BEGIN

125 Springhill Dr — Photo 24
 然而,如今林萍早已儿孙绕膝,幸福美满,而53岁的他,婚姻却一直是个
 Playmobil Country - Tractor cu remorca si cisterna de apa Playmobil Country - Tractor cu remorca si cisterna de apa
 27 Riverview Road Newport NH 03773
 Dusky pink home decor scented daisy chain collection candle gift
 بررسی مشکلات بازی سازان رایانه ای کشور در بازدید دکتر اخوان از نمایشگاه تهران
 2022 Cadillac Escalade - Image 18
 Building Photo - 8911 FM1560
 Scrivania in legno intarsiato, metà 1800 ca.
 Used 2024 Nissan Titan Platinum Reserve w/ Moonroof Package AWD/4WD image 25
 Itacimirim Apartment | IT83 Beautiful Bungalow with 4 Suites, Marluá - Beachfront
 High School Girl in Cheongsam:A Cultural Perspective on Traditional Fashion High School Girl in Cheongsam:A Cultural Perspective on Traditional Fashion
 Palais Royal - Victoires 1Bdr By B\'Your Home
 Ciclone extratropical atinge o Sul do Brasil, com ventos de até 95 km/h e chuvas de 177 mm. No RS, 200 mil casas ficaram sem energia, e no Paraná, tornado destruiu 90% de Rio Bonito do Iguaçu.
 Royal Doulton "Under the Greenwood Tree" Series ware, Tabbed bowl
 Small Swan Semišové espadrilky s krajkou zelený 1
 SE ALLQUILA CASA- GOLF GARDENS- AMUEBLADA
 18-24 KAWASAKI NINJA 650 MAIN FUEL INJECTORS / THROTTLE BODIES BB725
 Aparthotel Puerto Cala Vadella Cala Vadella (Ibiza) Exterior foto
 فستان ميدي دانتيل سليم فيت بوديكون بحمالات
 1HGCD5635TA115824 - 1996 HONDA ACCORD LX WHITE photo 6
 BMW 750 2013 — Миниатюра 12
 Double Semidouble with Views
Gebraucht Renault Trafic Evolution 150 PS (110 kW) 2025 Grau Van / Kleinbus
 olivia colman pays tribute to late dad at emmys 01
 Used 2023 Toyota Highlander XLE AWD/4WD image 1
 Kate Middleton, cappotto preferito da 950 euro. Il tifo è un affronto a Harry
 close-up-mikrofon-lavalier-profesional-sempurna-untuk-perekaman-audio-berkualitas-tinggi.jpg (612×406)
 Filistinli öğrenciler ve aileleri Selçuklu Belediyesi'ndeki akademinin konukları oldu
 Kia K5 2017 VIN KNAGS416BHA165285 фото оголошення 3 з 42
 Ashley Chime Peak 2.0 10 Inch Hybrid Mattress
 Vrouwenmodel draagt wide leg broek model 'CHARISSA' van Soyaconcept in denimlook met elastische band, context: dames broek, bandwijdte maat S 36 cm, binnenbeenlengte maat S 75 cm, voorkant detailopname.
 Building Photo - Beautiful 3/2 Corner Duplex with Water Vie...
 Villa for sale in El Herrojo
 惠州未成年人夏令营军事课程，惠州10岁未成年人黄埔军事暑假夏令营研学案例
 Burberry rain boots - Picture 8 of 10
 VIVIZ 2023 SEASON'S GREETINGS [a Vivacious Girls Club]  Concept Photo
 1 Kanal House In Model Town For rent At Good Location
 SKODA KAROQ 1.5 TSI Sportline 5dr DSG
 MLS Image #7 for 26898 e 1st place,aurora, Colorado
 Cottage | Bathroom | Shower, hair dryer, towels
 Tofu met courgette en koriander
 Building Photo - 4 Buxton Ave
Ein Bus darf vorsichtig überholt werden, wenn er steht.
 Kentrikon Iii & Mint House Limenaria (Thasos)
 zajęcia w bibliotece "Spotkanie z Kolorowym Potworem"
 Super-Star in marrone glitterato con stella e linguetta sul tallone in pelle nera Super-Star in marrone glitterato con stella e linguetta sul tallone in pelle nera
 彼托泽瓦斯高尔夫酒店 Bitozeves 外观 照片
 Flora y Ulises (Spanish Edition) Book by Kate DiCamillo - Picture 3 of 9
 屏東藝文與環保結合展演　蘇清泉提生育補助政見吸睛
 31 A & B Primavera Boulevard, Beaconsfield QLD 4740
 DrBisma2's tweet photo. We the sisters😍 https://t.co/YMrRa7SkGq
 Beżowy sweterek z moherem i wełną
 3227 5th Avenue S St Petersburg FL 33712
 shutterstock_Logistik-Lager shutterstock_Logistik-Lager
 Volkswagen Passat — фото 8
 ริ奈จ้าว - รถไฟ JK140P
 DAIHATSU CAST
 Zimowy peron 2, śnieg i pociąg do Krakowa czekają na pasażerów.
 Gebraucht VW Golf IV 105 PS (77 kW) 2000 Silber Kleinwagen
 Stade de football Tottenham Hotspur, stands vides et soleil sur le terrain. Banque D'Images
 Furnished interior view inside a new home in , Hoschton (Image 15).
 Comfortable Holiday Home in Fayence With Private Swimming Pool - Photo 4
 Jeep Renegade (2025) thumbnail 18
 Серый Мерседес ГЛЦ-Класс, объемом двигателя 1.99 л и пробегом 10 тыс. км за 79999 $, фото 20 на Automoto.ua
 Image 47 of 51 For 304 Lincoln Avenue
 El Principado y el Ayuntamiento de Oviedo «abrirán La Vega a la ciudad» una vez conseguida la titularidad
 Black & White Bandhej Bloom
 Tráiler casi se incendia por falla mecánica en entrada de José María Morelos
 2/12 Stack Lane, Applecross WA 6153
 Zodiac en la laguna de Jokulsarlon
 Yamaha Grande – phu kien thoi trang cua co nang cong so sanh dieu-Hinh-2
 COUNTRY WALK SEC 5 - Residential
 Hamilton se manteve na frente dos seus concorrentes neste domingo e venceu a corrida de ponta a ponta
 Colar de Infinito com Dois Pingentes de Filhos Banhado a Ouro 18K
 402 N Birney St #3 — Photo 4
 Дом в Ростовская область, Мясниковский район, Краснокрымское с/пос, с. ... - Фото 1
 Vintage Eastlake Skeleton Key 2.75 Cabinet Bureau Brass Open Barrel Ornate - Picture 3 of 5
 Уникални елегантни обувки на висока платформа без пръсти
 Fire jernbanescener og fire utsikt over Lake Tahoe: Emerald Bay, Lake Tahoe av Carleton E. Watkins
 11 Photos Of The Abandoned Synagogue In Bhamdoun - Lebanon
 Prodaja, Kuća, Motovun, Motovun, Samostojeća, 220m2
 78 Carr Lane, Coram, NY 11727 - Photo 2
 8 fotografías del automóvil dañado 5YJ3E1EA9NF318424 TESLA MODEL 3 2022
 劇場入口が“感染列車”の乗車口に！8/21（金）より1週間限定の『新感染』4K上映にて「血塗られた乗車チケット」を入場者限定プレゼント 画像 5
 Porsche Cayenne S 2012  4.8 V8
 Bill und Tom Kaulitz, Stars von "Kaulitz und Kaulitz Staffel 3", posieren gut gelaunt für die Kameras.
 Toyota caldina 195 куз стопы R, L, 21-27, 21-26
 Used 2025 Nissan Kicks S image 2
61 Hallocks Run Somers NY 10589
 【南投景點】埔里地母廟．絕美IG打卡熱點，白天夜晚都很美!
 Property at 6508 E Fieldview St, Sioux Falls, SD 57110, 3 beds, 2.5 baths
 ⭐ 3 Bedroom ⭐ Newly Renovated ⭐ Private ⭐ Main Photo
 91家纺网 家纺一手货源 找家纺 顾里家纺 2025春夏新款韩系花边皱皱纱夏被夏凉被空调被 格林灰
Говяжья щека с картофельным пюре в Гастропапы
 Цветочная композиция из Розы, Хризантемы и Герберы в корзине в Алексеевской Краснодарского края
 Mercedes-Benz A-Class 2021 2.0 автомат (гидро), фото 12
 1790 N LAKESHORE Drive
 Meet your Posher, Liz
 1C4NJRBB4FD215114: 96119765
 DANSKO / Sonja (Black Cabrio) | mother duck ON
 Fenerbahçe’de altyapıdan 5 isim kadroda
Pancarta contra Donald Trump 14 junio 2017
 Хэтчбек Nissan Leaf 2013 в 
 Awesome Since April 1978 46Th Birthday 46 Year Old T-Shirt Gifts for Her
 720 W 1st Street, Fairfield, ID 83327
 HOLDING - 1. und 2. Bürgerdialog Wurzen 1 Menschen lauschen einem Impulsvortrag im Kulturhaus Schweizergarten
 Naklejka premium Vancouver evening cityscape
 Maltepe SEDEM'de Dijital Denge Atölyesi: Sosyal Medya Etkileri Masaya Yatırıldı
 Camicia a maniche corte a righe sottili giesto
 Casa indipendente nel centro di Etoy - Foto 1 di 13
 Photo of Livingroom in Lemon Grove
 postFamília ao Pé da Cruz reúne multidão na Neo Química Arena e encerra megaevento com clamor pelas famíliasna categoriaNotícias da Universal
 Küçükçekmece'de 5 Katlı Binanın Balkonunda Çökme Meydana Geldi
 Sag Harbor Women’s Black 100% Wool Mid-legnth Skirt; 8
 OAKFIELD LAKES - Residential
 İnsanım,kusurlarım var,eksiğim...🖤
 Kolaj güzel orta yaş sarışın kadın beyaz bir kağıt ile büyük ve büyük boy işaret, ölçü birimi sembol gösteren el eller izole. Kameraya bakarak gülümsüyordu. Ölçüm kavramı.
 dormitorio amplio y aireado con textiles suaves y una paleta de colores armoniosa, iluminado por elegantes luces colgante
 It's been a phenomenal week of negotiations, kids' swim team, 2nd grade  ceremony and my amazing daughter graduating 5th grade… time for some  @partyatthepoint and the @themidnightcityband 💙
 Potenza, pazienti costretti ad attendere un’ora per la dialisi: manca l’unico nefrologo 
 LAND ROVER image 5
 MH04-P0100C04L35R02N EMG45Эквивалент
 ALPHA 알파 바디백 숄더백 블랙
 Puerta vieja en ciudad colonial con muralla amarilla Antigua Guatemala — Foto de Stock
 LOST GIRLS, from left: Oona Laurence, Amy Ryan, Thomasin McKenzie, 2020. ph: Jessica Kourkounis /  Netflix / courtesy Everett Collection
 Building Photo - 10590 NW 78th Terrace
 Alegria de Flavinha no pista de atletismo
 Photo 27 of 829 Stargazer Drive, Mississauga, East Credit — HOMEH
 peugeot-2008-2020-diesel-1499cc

END

Copy every line of the records above that holds the word "Beautiful".

* Exercise output
 Itacimirim Apartment | IT83 Beautiful Bungalow with 4 Suites, Marluá - Beachfront
 Building Photo - Beautiful 3/2 Corner Duplex with Water Vie...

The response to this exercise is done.